• Exercise: Each line below needs to be printed again exactly.

• Dataset excerpt:
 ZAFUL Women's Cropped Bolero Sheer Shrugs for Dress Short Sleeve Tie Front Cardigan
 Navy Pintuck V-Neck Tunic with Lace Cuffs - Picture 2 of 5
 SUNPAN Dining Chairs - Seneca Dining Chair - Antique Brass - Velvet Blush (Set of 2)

• Answer box:
 ZAFUL Women's Cropped Bolero Sheer Shrugs for Dress Short Sleeve Tie Front Cardigan
 Navy Pintuck V-Neck Tunic with Lace Cuffs - Picture 2 of 5
 SUNPAN Dining Chairs - Seneca Dining Chair - Antique Brass - Velvet Blush (Set of 2)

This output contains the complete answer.